From: Mike Godwin mnemonic@eff.org Subject: More on CMU To: farber@central.cis.upenn.edu (David Farber) Date: Thu, 3 Nov 1994 23:20:42 -0500 (EST) The First Amendment issue raised by the proposed ban is a subtle one. Obviously, since CMU is not a state institution, its actions don't directly implicate the First Amendment, which restricts only government action. But CMU's argument is, essentially, that they're afraid of legal liability if they carry these newsgroups. In response, it's appropriate to note a) that they can't be Constitutionally prosecuted for carrying protected speech, and b) there seem to be no cases on record of any university, public or private, facing legal liability based on carrying sex-discussion newsgroups. It should be noted that CMU seems to have taken no action to remove Henry Miller or D.H. Lawrence from the university's libraries. [BUT WILL THEY FROM THE ELECTRONIC LIBARIES SOMEDAY .. djf] --Mike
For more information, contact:
November 8, 1994 -- Carnegie Mellon University students have organized a Freedom in Cyberspace rally at noon on Wednesday, November 9 on the front steps of the Warner Hall administration building to show support for free access to Internet information. Speakers from the Electronic Frontier Foundation and ACLU will attend.

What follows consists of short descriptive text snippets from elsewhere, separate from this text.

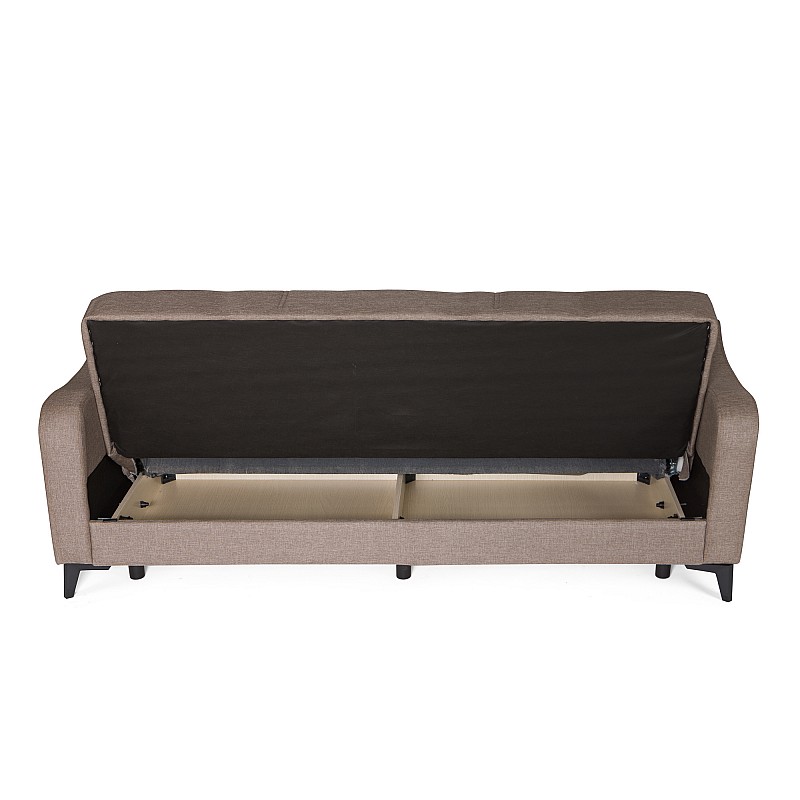 Καναπές-κρεβάτι με αποθηκευτικό χώρο τριθέσιος Rudy καφέ-μπεζ ύφασμα 204x78x85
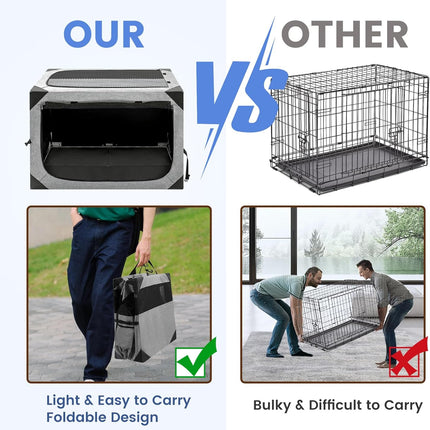 Light Grey 36 x 25 x 25 Inch Portable Foldable Dog Crate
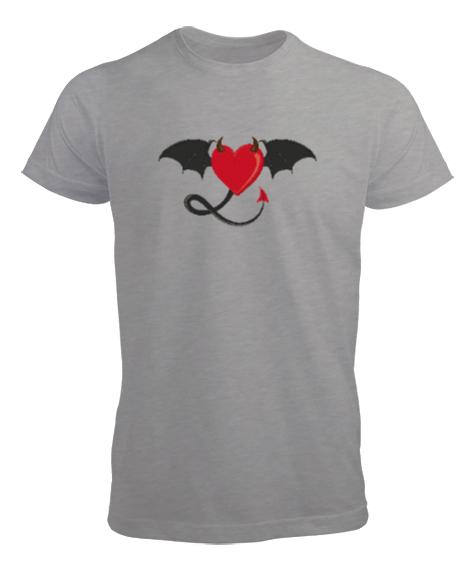 Tisho - Ejderha Kalp - Dragon Heart Gri Erkek Tişört
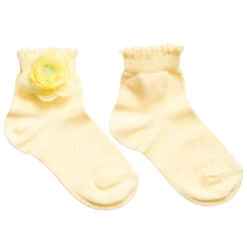Story Loris Girls Pale Yellow Socks With Floral Appliqué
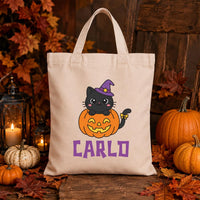 Personalized Halloween Canvas Tote Bag, Custom Name Trick or Treat Bag, Kids Candy Bag, Reusable Cotton Tote, Happy Halloween Gift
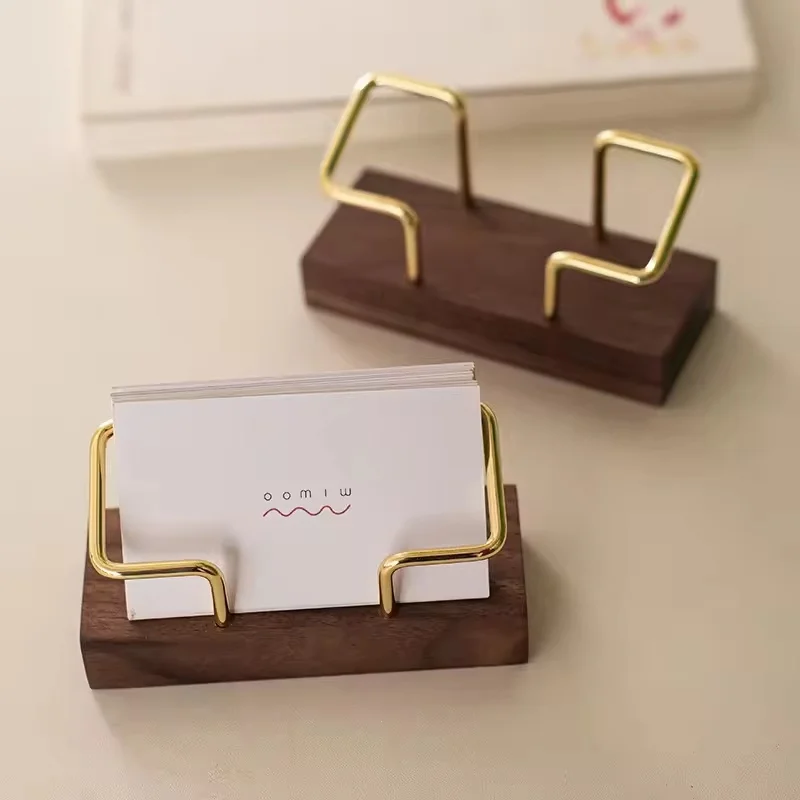 Premium Business Card Holder Desk Organizer Holds Multiple Cards Desktop Gold Metal Frame Business Display For Office Desk Use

The rally is in response to the university's November 3 decision to censor Internet discussion groups with graphical and textual sex-related information, starting today. Yesterday the university responded to concerns from the campus community by deciding to retain some text groups pending legal review. As of this writing, the school's legal counsel recommended removing text groups and the university president has not made a decision.
"The rally will show the administration how much we care about the issue. We want to provide a forum for dialogue between the administration and students. We want to press for continued freedom in cyberspace," said Donna Riley, a graduate student in the Engineering and Public Policy department.
Student Body President Declan McCullagh said students are upset over the university's decision to censor discussion groups with sexual content, especially the text newsgroups. "There's no reason to remove the groups. They're protected by the university's statement ensuring academic freedom. Students use the text groups for legitimate educational discussions about topics like sexual abstinence, safe sex, and how to avoid sexually transmitted diseases. There's often no other place for students to get this information," he said.
"Carnegie Mellon always has been a leader in cyberspace. To remain a leader, we need to continue to respect academic freedom," said McCullagh.
Mike Godwin, staff counsel for the Washington, DC-based Electronic Frontier Foundation, will give the keynote address at the rally. Godwin writes for Wired and Internet World and writes about freedom of speech on the Internet.
Pittsburgh ACLU executive director Vic Walczk, who will speak at the rally, said that Carnegie Mellon should not ban any electronic discussion groups. "For well-established reasons of free speech, this type of censorship is not only wrong, but very dangerous. The Internet is analogous to a library, and libraries are protected from obscenity prosecutions under Pennsylvania law."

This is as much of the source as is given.